The measured relative total absorption $\Delta {\alpha }_x$and the calculated relative resonance absorption for the water vapor density difference of $\Delta {\rho }_W$ = 7.0 g/m³ are shown in Fig. 5(a). The difference between the measured smoothed windows $\Delta {\alpha }_x$(red solid line) and the calculated relative resonance absorption (black solid line) is the relative continuum absorption $\Delta {\alpha }_{cx}$described by Eq. (10), which includes the cross term X. Analysis of the measurements of $\Delta {\alpha }_{cx}$in Fig. 5(a), allowed us to determine the corresponding X, shown as the lowest dashed curve. X is shown for all three measurements in Fig. 5(b).
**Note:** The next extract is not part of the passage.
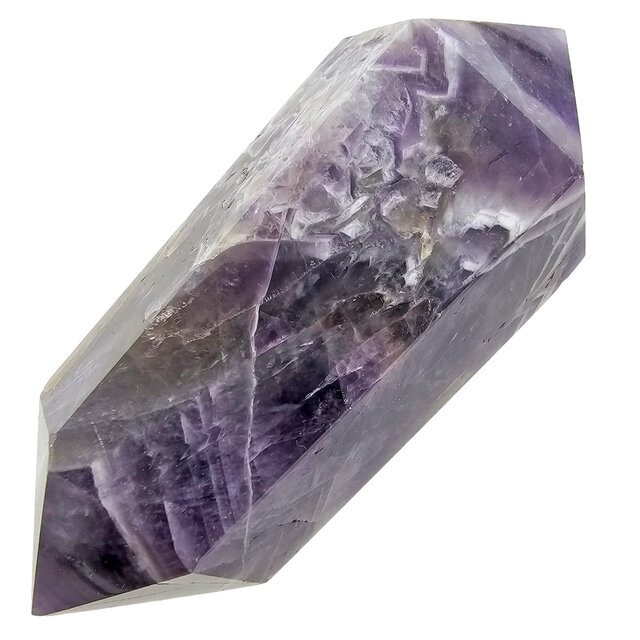 Starker Chevron-Amethyst-Doppelende 8 cm Starker Chevron-Amethyst-Doppelende 8 cm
We determined the values of relative continuum absorption $\Delta {\alpha }_{cx}$and X at each window, from the difference between the minima of the calculated resonance absorption windows to the minimum of the smoothed windows as shown in the bottom of Fig. 5(a).

The differences $\Delta {\alpha }_{cx}$between minima of the measurement and the $\Delta {\rho }_W$ = 7.0 g/m³ MRT curve for each window shown in Fig. 5(a) are presented in Table 1, together with the corresponding cross-term X and the desired absolute continuum absorption $\Delta {\alpha }_c$. These same parameters are listed in the table for $\Delta {\rho }_W$ = 4.1 g/m³ and $\Delta {\rho }_W$ = 5.2 g/m³. Figures 5(b) and 5(c) show the corresponding values taken from the table, showing excellent agreement with the squared frequency dependence of Eqs. (7)–(13). The theoretical curves presented in Figs. 5(b) and 5(c) are obtained from Eqs. (12) and (13a) with $C_W^{*}={(1.33)}^2{C}_W$and $C_A^{*}=(1.33\times 0.84)C_A$, where $C_W$and $C_A$are given in Table 2.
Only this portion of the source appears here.